ANALYSIS-High interest rates to sustain appetite for Brazil debt
SAO PAULO/RIO DE JANEIRO, Nov 11 (Reuters) - Brazil's high and rising interest rates are likely to keep attracting bond investors next year despite the country's struggle with a deteriorating budget, high inflation and low growth.
Foreign investors have snatched up a heavy $6 billion worth of Brazilian debt per month, on average, since policymakers removed some capital controls in June and the U.S. Federal Reserve signaled it would take time to wind down its bond-buying program, which has boosted demand for emerging-market assets.
That appetite is set to continue at a solid pace despite a recent currency drop, a weakening in Brazil's fiscal performance and risks of a downgrade to its sovereign credit rating, although it may moderate in coming months.
In a break from recent years, when Finance Minister Guido Mantega erected capital controls to stop inflows from distorting the economy, policymakers are now welcoming foreign money as they try to smooth out the currency's recent weakening trend.
Even when the Fed eventually starts slowing down its asset-purchasing program, analysts and investors say Brazil may avoid a reversal of capital flows as it offers one of the highest returns for an investment-grade debt issuer.
"I'm not particularly worried about having a position in Brazil. Bond yields are high, both historically but also compared to other countries in emerging markets," said Jan Dehn, head of research at Ashmore, a fund manager dedicated to emerging markets with $78.5 billion under management.
While other emerging markets such as Mexico have recently loosened monetary policy, Brazil has raised its benchmark Selic rate by 2.25 percentage points since April to the current 9.5 percent, becoming one of the highest in the world.
The rate is widely expected to return to double digits as soon as this month as the central bank tries to curb inflation, which has remained uncomfortably close to the official target ceiling of 6.5 percent even as economic growth disappoints.
Dehn said recent sell-offs in Brazilian markets, usually caused by hedge fund selling and pessimistic local investors, often create an opportunity for institutional investors to buy.
In the latest of those sell-offs, yields paid on long-term contracts of interest-rate futures jumped after Brazil posted a primary budget gap of 9 billion reais ($3.85 billion) for September, the largest in nearly five years.
"If you compare Brazil to a lot of other countries, it's actually less negative than people think. I'm actually even a little positive," Dehn said, arguing that President Dilma Rousseff will likely make sure the economy remains stable next year before October presidential elections. Risks of a debt default are also seen as low.

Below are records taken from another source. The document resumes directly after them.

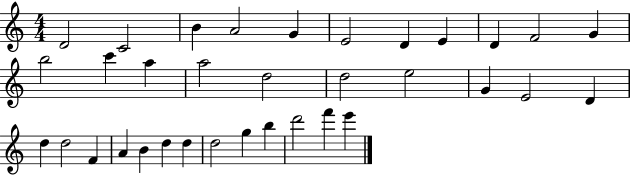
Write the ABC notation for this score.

X:1
T:Untitled
M:4/4
L:1/4
K:C
D2 C2 B A2 G E2 D E D F2 G b2 c' a a2 d2 d2 e2 G E2 D d d2 F A B d d d2 g b d'2 f' e'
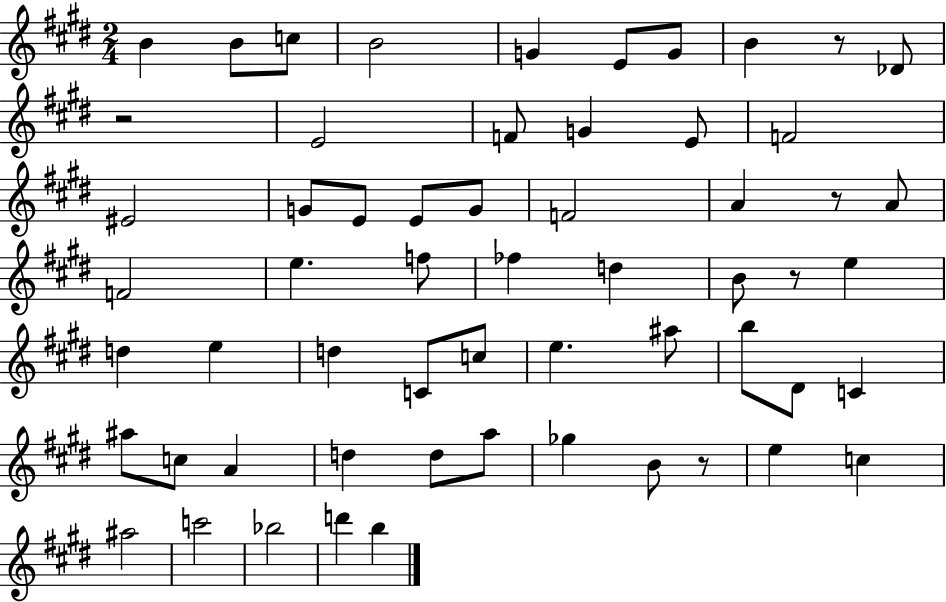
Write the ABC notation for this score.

One of the recent policy shifts that made Dehn more optimistic was the government's June decision to scrap the so-called 6 percent IOF tax on foreign purchases of local debt.
The tax was Brazil's strongest barrier to foreign inflows, introduced during the height of what Mantega dubbed a "currency war" that was damaging local industry.
Since its removal, monthly inflows to local bonds and other fixed-income instruments soared to $6 billion a month from just $800 million during the first five months of 2013, on average.
Foreigners bought a net $7.2 billion in September alone, a record high, pushing foreign holdings of government debt to 17.2 percent of total outstanding debt, from 14.4 percent in May.
Pent-up demand from investors who stayed out of Brazil to avoid the IOF tax explains part of the sharp rise, and suggests the current rapid pace of inflows is likely to moderate.
Still, net foreign investment in Brazil's debt could reach $20 billion next year, one of the highest levels since the real was introduced in 1994, said Carlos Kawall, chief economist at J. Safra and a former Brazilian Treasury secretary.
"Foreign holdings of Brazilian debt can go as high as 20 percent next year," he said.
The main risk to that scenario is a volatility spike in the exchange rate, or in the local interest rates yield curve.
Instability has already been a drag on the carry trade, a risky strategy in which investors borrow in low-yield countries to leverage their gains in high-yield currencies such as Brazil's. Carry trade investors need some stability in the currencies they play with, as hedging those operations is often too expensive.
If the recent deterioration in Brazil's fiscal policies leads to even stronger market swings, then institutional investors could start to have second thoughts too.
But for now, investors and economists interviewed by Reuters consider that fiscal deterioration concerns have mostly been priced into risk premia, as well as fears of a credit downgrade by at least one ratings agency next year.
If that holds, more dollars should pour into Brazil again once interest rates peak, forecast Siobhan Morden, head of Latin America strategy with Jefferies in New York.
"The fact that foreign holding of local fixed income is going higher means that there is conviction that we're at the end of the (monetary tightening) cycle," she said. "Once the central bank signals that they have concluded, that could be a catalyst (for) more inflows."